Task details –
Would you retype exactly the lines below, starting with the one that has "Hello friends, welcome" and going on through the one that has "This is not", with no pictures and nothing else?

Record extracts –
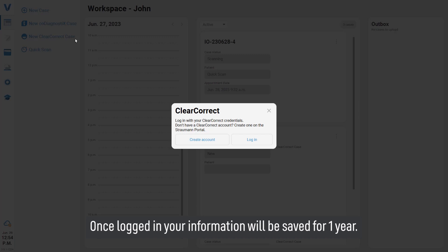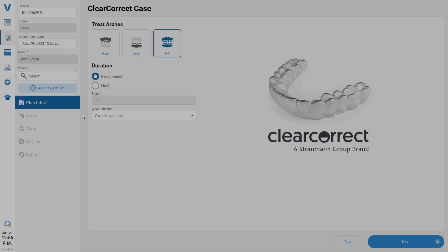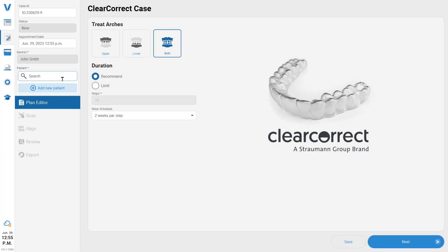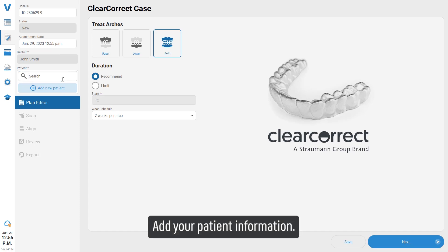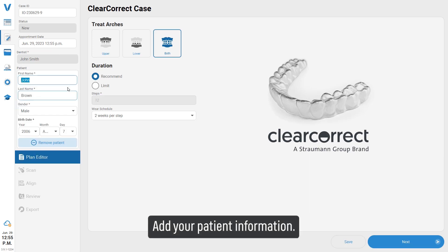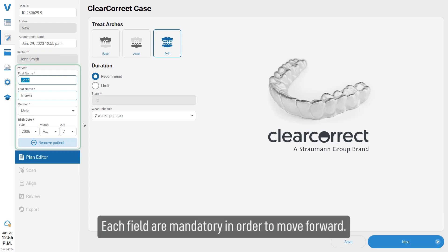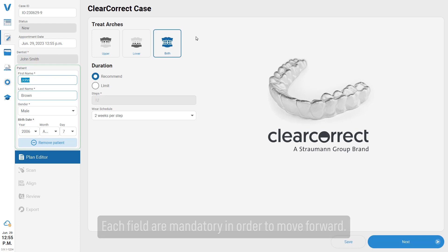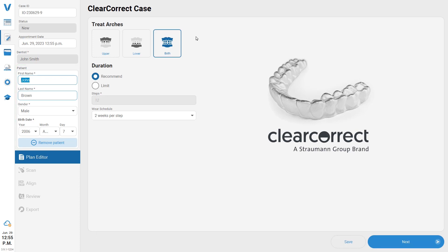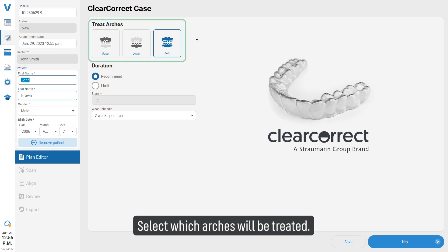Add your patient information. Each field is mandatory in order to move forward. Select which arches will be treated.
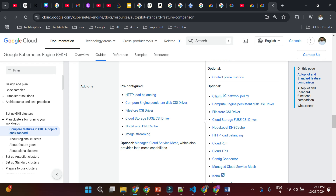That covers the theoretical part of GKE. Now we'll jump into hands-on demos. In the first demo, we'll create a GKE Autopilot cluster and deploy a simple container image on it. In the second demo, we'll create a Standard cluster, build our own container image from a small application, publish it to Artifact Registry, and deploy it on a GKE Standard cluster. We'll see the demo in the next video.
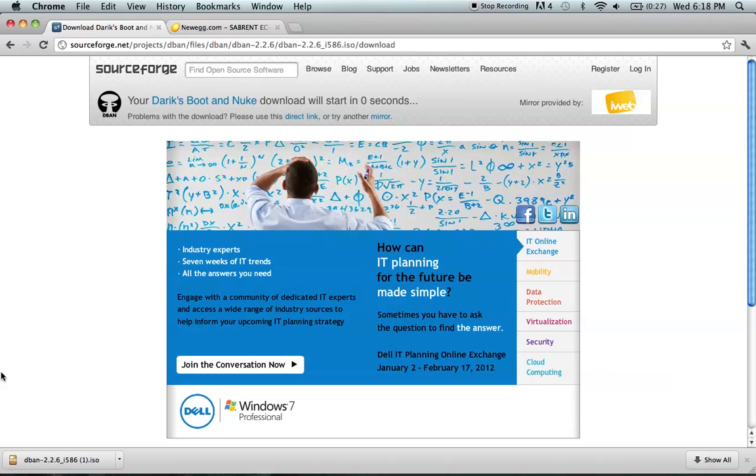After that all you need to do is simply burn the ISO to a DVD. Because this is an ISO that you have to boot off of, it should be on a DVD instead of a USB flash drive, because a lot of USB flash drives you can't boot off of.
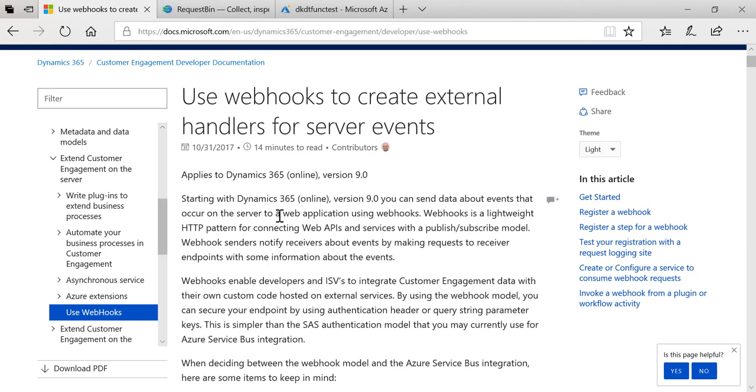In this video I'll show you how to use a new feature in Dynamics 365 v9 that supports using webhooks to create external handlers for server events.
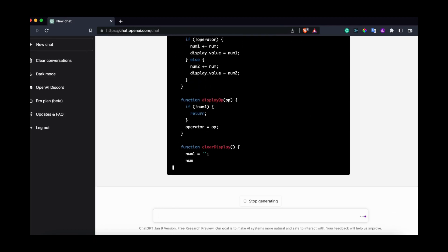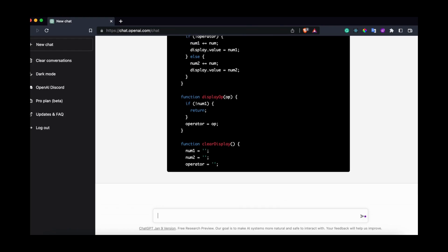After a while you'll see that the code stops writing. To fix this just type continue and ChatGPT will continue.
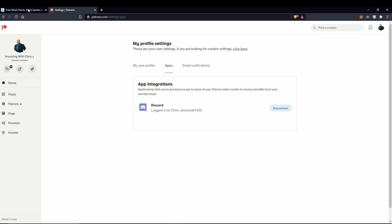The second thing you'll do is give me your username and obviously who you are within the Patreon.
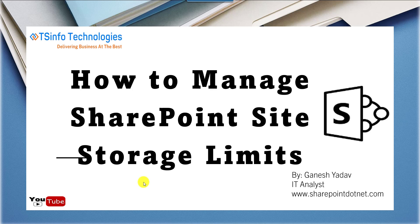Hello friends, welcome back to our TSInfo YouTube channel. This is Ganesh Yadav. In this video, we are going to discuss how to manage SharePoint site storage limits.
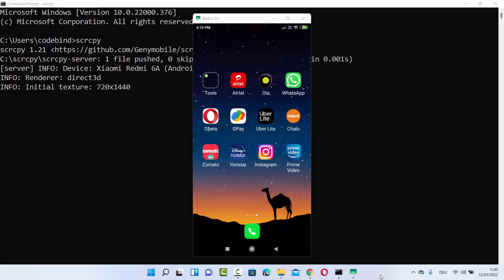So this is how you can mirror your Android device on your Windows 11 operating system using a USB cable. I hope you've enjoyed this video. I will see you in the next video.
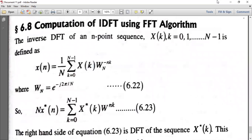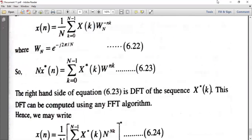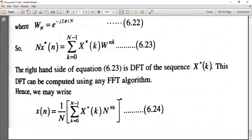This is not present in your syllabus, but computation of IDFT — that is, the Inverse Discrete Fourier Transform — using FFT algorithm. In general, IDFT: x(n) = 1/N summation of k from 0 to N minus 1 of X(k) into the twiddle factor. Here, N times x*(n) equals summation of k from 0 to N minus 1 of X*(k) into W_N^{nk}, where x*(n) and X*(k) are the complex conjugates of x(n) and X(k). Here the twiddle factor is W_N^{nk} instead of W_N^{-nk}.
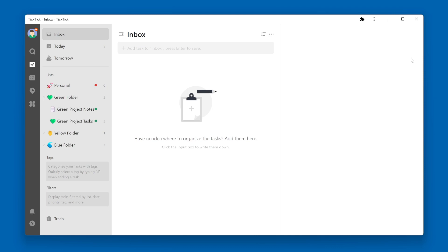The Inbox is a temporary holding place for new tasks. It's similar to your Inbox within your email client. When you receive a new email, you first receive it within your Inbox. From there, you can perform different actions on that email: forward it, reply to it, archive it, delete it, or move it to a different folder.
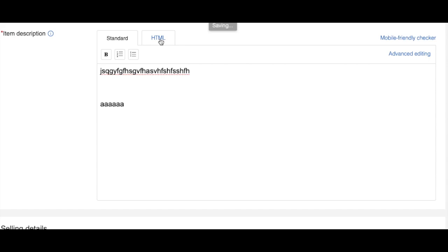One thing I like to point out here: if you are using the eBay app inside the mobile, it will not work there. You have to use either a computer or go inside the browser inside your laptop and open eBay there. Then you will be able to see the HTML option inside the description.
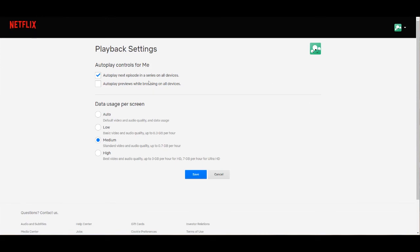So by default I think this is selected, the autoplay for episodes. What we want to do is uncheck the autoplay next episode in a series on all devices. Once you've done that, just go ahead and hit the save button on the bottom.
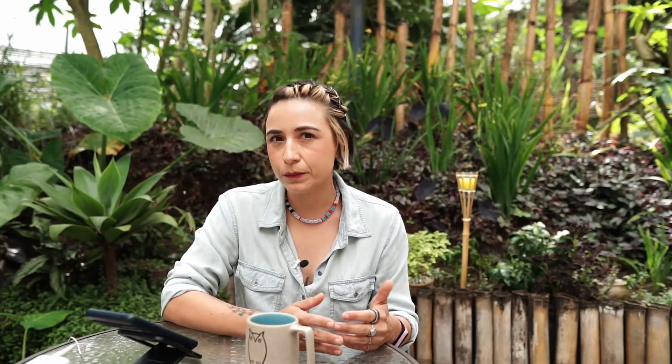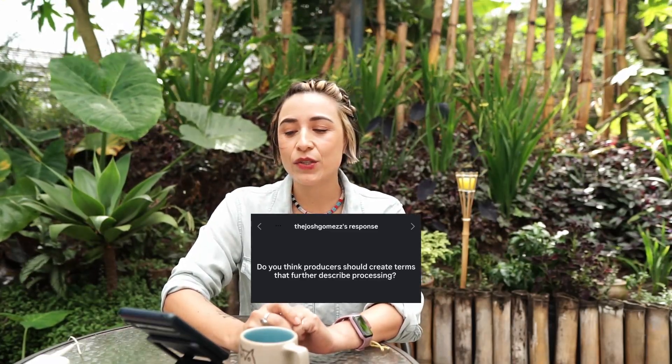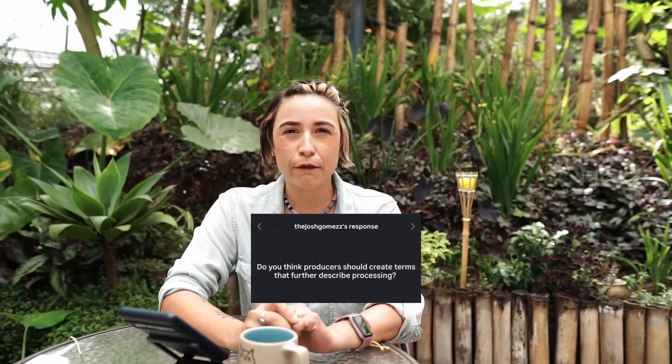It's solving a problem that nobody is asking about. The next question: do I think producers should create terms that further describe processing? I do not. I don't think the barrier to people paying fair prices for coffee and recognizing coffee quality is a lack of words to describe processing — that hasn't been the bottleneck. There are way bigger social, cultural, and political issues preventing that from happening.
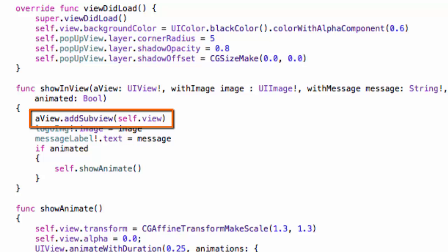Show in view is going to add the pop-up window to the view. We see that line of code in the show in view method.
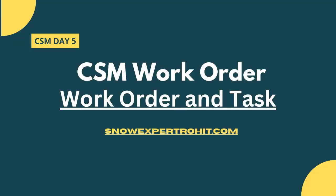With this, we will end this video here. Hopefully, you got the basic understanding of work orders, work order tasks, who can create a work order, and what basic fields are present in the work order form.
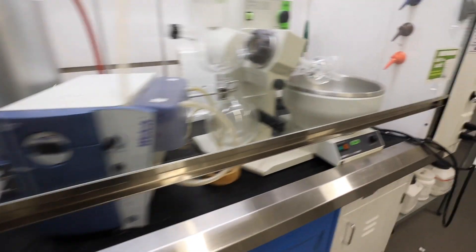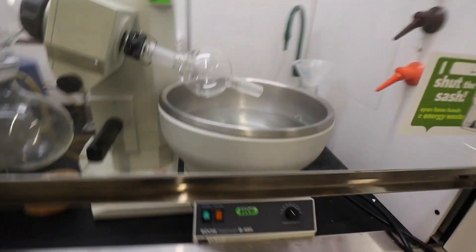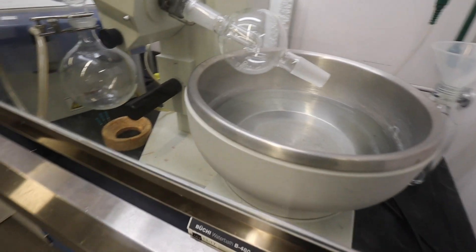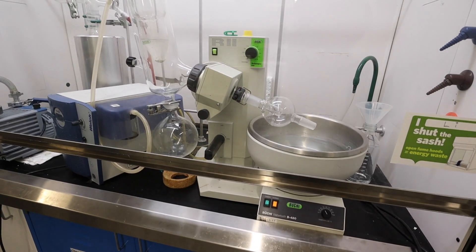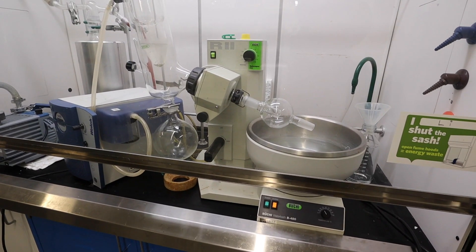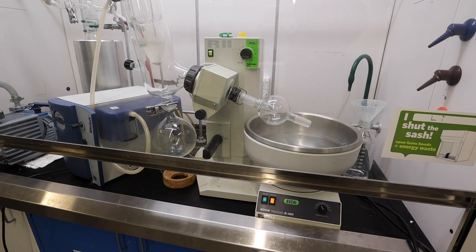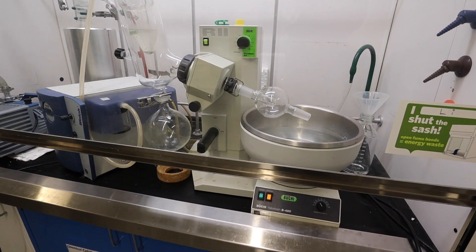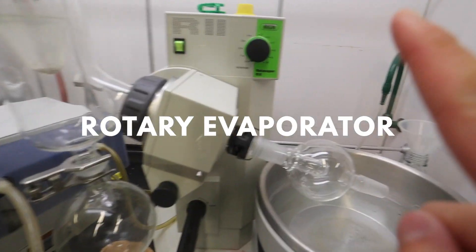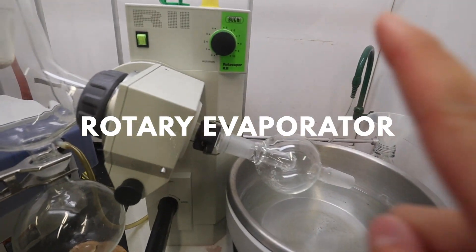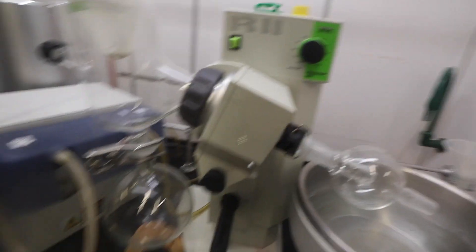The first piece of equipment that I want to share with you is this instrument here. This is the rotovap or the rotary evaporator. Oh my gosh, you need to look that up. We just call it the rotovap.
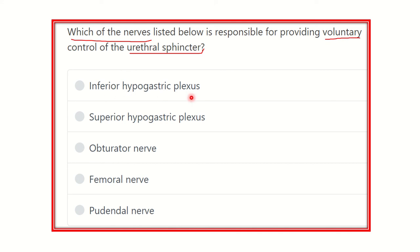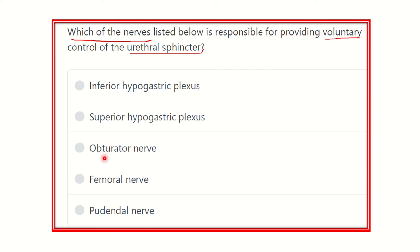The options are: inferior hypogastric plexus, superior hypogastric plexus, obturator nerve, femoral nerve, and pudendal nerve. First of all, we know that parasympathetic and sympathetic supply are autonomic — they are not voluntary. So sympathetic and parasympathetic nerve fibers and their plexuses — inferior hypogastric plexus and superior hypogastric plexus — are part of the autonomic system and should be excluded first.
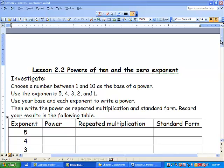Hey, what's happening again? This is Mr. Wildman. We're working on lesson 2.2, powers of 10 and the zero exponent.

Task solution –
Hello friends, welcome back to our TSInfo YouTube channel. This is Ganesh Yadav. In this video, we are going to discuss how to manage SharePoint site storage limits.
So this is how you can mirror your Android device on your Windows 11 operating system using a USB cable. I hope you've enjoyed this video. I will see you in the next video.
This is not present in your syllabus, but computation of IDFT — that is, the Inverse Discrete Fourier Transform — using FFT algorithm. In general, IDFT: x(n) = 1/N summation of k from 0 to N minus 1 of X(k) into the twiddle factor. Here, N times x*(n) equals summation of k from 0 to N minus 1 of X*(k) into W_N^{nk}, where x*(n) and X*(k) are the complex conjugates of x(n) and X(k). Here the twiddle factor is W_N^{nk} instead of W_N^{-nk}.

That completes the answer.